Sara Williams

Sara has been singing since age 5 when her sisters would take her to the local truck stop, put her on the counter, and have her sing Elvis Presley songs while they went around collecting money from the drivers. In high school, she had her own rock and roll band and in college sang with an all-female rock and roll band. On weekends, she hitch hiked to Birmingham to sing at Society’s Child with the band, Renaissance Ensemble (when they went on tour she was replaced by Nell Carter). While singing a solo act at Monty’s Raw Bar in Coconut Grove, FL, in 1976, Sara was offered a contract in New York where she lived in the East Village and could be seen singing at Folk City, Kenny’s Castaways, the Other End, and Richie Haven’s club, Café Wha? and busking in front of the Plaza at Central Park with country western and folk groups. Sara joined the Musician’s Union and went to Roseland where pick- up bands for weddings and bar mitzvahs were booked on Wednesday afternoons and sang at weddings where she learned the American Songbook and other jazz standards. The Jazz in this era was very political, i. e. Gil Scott-Heron and Nina Simon were her idols for lyrics.
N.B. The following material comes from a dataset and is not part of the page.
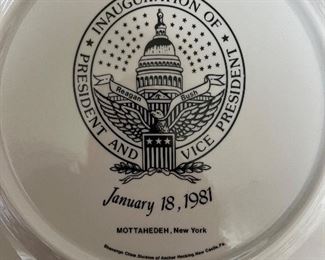 1981 Inauguration Candlelight Dinner plates (2)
She was influenced by Victoria Spivey and Mabel Godwin who had a piano bar on Grove Street and privileged to sing with the Grove Street Stompers. Sara soon realized a musician’s wages couldn’t pay the rent so she enrolled in NYU and then City University of New York at Harlem Hospital where she obtained a medical degree as a Physician Assistant. That was at the beginning of the AIDS epidemic and Sara devoted the next 20 years of her life as a researcher and providing direct patient care. As Sara puts it, “In 1997, she moved to Columbia and wandered into the Hunter Gatherer on a Thursday night where a jazz jam session was going on and that sparked a fire in my heart. I wanted to sing those old standards again!” Recently she has been singing with Amos Hoffman and Zee Slaughter and occasionally sits-in with Skipp Pearson at Café Jazz . presteme crema similares Sara hopes her songs reflect the love for the Peace Revolution.